Wiped out from another full Sunday of ministry, my wife and I sat down in our living room and began to reflect. “Why is this so difficult for us?” she asked. I looked away—fighting back tears—and quietly uttered, “I don’t know.”
We recounted more than a decade of triumphs and trials in ministry. This church plant that was birthed in 2016 is, by God’s grace, healthy and beautiful. But it has cost us greatly. Often it feels like we’re still experiencing birth pains long after the delivery.
After a few years living in a neighboring suburb, I dropped a bomb on my unsuspecting wife. I told her I sensed the Lord leading me to leave my full-time job to complete a church-planting residency. This would require raising financial support for more than one-third of my salary and moving our family back to Detroit.
As you can probably imagine, she felt an array of emotions: flabbergasted, frightened, and furious (to name a few). Being highly analytical, she replied with a series of arguments as to why this was a bad decision. But, after much prayer and counsel, we decided together to proceed.
That evening was the catalyst to several years of turbulent transitions: moving to one of Detroit’s most notorious hoods for my residency; losing several thousands of dollars in salary and quality health care; relentless traveling to raise support; opening our lives to people who may desire to do harm to us; abruptly uprooting my children from all things familiar; further engaging with those in extreme poverty, relational brokenness, and abuse.

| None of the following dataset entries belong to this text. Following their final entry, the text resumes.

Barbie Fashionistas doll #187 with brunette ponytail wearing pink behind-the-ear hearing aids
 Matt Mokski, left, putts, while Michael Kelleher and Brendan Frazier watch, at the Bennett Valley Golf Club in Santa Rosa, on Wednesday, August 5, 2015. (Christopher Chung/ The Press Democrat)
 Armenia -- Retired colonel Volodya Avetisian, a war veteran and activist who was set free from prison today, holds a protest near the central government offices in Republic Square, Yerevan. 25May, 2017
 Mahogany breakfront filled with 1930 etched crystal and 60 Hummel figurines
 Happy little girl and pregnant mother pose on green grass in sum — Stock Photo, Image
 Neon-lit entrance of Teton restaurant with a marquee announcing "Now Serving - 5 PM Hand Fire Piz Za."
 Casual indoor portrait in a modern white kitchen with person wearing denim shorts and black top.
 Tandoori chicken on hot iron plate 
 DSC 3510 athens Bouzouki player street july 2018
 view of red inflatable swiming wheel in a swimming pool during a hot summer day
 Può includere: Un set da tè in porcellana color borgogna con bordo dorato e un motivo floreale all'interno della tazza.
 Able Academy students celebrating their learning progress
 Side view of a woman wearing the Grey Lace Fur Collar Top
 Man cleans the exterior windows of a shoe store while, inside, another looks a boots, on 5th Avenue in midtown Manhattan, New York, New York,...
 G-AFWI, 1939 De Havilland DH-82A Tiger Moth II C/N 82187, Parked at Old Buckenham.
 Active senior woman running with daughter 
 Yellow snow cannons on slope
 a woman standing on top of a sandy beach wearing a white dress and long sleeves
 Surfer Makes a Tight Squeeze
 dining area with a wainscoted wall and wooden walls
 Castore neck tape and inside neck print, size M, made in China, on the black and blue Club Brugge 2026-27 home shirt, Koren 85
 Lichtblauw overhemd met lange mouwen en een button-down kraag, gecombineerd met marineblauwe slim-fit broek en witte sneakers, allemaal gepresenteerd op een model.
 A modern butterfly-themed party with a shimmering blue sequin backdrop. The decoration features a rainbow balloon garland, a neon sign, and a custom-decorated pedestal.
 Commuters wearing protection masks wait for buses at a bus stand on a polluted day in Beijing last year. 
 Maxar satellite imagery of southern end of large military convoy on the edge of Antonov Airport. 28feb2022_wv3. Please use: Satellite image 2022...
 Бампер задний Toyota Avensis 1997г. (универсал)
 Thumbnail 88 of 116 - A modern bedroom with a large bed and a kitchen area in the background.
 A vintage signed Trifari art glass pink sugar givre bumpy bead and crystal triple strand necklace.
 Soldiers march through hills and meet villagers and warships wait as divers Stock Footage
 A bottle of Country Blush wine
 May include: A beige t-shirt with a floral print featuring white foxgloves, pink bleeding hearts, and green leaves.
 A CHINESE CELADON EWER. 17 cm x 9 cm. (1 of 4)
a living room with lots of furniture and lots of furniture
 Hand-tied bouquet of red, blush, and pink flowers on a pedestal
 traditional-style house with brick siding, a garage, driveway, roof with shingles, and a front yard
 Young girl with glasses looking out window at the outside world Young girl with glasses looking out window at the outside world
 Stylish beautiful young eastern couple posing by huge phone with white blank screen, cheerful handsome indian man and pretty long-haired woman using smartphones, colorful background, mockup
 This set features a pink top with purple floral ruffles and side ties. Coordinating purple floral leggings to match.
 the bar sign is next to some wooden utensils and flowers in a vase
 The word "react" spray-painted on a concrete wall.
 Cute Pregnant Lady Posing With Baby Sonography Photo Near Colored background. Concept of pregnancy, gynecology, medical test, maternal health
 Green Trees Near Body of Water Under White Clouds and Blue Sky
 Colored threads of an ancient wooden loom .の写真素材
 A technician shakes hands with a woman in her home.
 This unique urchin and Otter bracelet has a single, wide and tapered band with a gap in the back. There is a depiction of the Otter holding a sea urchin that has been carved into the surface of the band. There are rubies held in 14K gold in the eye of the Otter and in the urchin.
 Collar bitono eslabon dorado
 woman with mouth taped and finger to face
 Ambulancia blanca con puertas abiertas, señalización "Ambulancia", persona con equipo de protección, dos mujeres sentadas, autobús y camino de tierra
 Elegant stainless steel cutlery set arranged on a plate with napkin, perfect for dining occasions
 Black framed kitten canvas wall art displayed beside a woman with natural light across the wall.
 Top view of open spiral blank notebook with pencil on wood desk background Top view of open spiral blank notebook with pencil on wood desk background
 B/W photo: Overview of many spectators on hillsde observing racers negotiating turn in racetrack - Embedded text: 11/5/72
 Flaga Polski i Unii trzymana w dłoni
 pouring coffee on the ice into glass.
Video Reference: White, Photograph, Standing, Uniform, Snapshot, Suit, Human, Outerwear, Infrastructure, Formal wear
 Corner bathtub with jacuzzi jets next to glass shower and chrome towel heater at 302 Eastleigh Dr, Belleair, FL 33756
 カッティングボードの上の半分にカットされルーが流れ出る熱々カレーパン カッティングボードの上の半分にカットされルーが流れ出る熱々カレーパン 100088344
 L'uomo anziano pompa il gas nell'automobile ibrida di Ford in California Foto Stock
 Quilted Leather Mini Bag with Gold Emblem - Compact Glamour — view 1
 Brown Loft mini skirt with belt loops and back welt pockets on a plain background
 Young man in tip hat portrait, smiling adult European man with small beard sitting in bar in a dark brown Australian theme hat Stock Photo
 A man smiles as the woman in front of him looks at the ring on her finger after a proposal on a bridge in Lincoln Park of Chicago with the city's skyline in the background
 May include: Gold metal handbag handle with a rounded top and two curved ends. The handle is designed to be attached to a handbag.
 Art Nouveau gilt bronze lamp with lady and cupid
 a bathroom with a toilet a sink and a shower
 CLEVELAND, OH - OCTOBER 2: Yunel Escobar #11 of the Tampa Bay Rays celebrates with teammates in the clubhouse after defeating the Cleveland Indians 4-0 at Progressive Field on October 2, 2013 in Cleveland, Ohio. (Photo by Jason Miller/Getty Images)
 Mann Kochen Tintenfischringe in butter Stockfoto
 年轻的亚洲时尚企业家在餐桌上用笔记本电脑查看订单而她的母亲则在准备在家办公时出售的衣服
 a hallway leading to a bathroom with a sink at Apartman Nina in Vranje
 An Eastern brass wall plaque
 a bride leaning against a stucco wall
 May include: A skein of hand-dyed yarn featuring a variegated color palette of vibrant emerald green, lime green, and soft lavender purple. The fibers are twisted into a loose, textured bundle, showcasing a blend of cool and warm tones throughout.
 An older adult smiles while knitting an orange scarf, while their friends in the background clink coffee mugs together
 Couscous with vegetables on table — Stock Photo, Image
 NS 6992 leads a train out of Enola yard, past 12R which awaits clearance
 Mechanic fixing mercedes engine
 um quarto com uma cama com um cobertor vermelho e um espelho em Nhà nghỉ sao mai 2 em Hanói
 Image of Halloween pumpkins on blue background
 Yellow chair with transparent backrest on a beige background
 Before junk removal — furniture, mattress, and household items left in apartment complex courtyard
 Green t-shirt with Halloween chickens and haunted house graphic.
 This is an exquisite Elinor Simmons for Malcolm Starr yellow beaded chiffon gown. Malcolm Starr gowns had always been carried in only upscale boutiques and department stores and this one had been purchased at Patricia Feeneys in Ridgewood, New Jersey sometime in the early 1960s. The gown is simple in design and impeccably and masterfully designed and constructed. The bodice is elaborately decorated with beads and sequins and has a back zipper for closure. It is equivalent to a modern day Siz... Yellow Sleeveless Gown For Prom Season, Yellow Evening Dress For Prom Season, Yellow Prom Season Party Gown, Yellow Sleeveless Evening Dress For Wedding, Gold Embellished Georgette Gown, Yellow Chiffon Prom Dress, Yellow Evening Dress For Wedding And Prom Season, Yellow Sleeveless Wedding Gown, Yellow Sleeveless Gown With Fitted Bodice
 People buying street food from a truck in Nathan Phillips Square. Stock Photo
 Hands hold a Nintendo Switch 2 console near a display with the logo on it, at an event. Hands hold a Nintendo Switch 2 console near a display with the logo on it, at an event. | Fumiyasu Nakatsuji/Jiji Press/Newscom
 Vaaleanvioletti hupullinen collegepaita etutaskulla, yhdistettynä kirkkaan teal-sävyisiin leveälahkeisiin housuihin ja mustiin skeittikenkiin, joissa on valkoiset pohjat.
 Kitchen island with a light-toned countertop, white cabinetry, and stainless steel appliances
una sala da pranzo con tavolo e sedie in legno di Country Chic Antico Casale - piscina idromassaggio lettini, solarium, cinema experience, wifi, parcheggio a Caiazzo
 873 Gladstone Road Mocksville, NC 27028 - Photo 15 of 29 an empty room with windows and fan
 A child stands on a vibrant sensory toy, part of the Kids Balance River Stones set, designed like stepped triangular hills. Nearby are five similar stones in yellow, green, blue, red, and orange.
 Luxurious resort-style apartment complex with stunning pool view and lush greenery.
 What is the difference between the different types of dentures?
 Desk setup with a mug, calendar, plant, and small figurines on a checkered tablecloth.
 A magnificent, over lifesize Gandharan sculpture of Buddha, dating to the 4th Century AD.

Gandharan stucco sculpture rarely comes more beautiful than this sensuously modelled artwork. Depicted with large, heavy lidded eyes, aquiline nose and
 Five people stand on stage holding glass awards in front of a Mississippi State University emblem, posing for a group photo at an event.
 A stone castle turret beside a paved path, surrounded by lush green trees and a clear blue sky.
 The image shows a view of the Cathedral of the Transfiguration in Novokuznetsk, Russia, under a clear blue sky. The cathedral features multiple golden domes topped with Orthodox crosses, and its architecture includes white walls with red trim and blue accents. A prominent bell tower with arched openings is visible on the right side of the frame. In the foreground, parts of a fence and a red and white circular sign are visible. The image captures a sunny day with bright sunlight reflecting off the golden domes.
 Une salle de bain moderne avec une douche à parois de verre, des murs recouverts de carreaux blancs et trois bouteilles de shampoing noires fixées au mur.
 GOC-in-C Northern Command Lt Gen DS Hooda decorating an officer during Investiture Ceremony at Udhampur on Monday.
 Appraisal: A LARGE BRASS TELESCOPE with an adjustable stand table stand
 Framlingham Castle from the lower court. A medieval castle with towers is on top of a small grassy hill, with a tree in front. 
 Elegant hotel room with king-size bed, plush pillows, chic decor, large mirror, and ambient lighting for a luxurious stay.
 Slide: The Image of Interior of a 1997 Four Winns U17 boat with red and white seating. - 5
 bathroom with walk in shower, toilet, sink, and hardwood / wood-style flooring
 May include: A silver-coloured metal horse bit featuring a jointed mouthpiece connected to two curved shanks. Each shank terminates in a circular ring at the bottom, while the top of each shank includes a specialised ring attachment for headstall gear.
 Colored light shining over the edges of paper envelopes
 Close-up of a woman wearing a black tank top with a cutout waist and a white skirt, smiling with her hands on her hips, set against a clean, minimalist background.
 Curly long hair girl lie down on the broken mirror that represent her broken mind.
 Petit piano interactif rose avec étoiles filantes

Our only certainty became uncertainty. Even now, just two years after our church was planted, we’re on a similar journey.
Don’t get me wrong, I knew the cost would be high; I just didn’t know it would be this hard.
Ministering in my community means financial lack ever looms like storm cloud, and it often rains hard. Almost two years in, we still lack many of the people and resources other churches would have by this point.
Our church has had break-ins, cars stripped, and has been extorted by those we lease from. Words can’t express the unpredictability that comes from living and ministering among those whose lives are consumed with chaos.
While there have been many surprises with planting a church in a hard place, the main thing I miscalculated was the toll it would take on my family. No amount of date nights and family outings could minimize or overshadow the cost my wife and kids have counted.
I’ve wrestled with (and occasionally still do) sadness and regret because “sorry, we can’t afford that” is a more common response than I’d like.
Don’t get me wrong, I knew the cost would be high; I just didn’t know it would be this hard. My kids have lost some of their childhood innocence from seeing human depravity on full display. We’ve had friends of theirs stay in the house with us, because their parents didn’t have a place to live. They’ve seen the same kids move away because their parents are now incarcerated. My kids were weeping when I returned home one evening after having been falsely arrested—just two miles from our house—for allegedly attempting to purchase marijuana. They’ve prayed with my wife on multiple occasions because I was in potentially dangerous situations. They’ve been exposed to matters many adults will never encounter.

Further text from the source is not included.